Novel aspect: Virus assembly intermediates detected, characterised and shown to be on pathway by ESI-MS for the first time.

 

The precise mechanism of capsid formation for simple viruses remains elusive. These details are much sought after, not only for virology purposes but also because viral capsids have a number of potential bio-nanotechnology applications.

RNA phages are models for many viral properties, and hence can provide much useful information in this area. One such example is the bacteriophage MS2, in which it is known that reassembly of a T=3 shell can be initiated by a sequence-specific RNA-protein interaction. The minimum RNA sequence that will catalyse this reaction is encompassed within a 19 nucleotide stem-loop (TR), whilst the quasi-equivalent conformational changes required to form the capsid occur in a single loop, the FG-loop, of 180 identical coat protein subunits packaged as non-covalently bound dimers (CP2).

Using ESI-MS we have monitored the assembly of MS2 capsids from the CP2 and TR reactants. In order to preserve the non-covalently bound protein-RNA complexes, the mass spectrometer used for these studies was a customised LCT Premier which has an extended m/z range (m/z 60,000) and has been adapted for collisional cooling. Sample introduction and ionisation were achieved by the use of a NanoMate autosampling device with nano-electrospray ionisation.

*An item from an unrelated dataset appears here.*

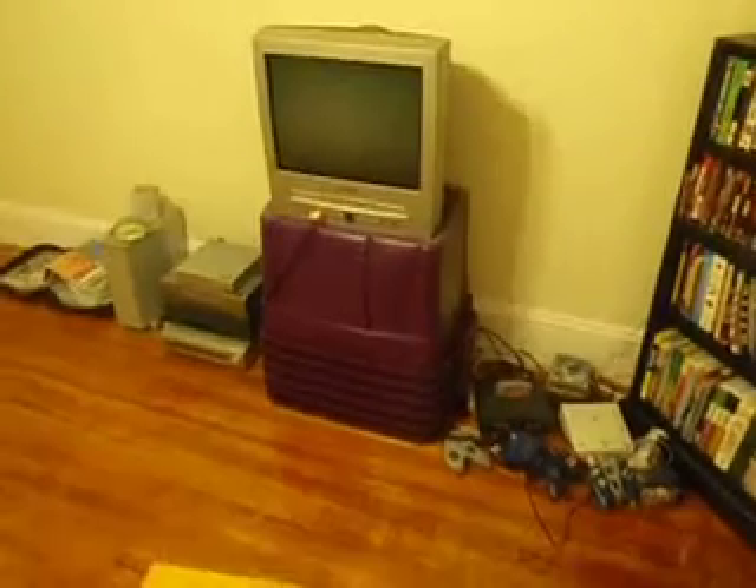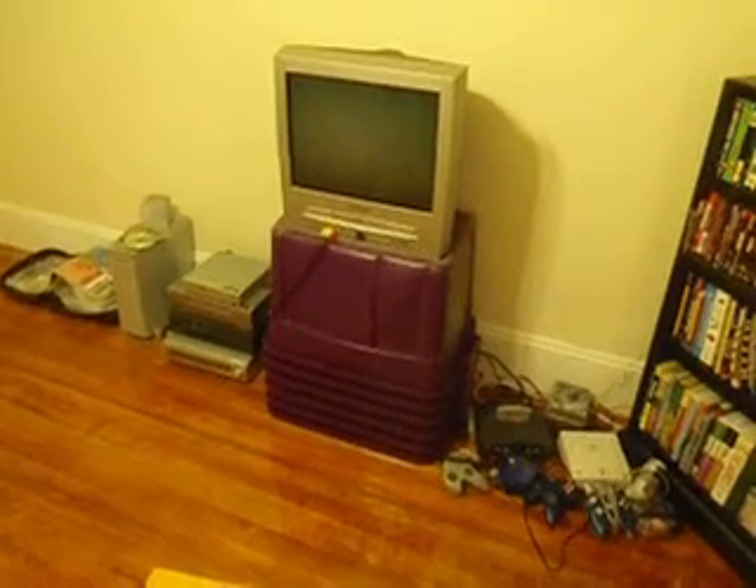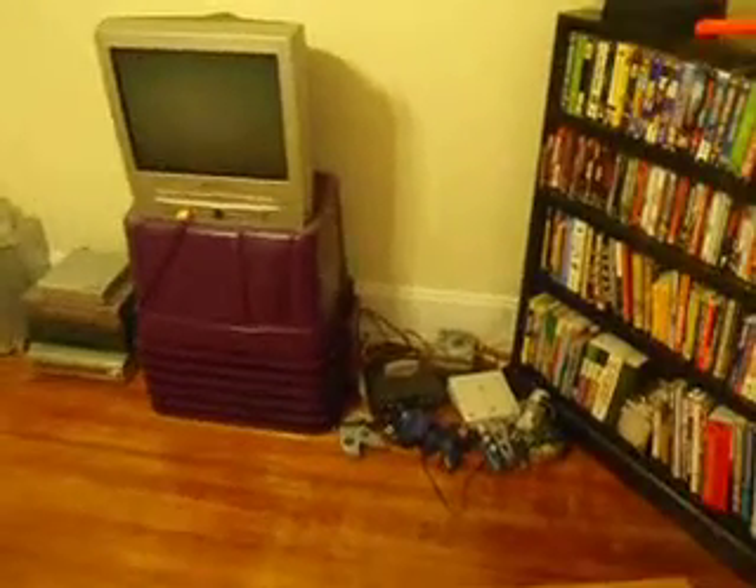By the way, it's like two in the morning right now, which is why this narrating is such. I have three DVD players, two VCRs, two game systems that I don't even use. The coat closet is there.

Addition of TR to CP2 results in the formation of an initial [CP2+TR] complex, accompanied by small amounts of higher order species. Addition of further CP2 dramatically increases the amounts of these species, which then disappear over time concomitantly with capsid production, the latter verified by electron microscopy. This series of events supports the supposition that the viral control assembly mechanism maintains the CP2 in an assembly-incompetent state until interaction with the TR ligand is possible.

Initiation of the assembly mechanism with 15N-labelled CP2 and TR, followed by the addition of unlabelled CP2, indicates clearly that the higher order species are all competent for further assembly and thus are assembly intermediates rather than extraneous species or mass spectral artefacts. The results also have implications for the assembly pathway to the final T=3 shell from the essential CP2 building block.

Data from assembly mechanisms using longer genomic RNA species and coat protein variants will also be presented, and the role of these species in virus assembly mechanisms discussed.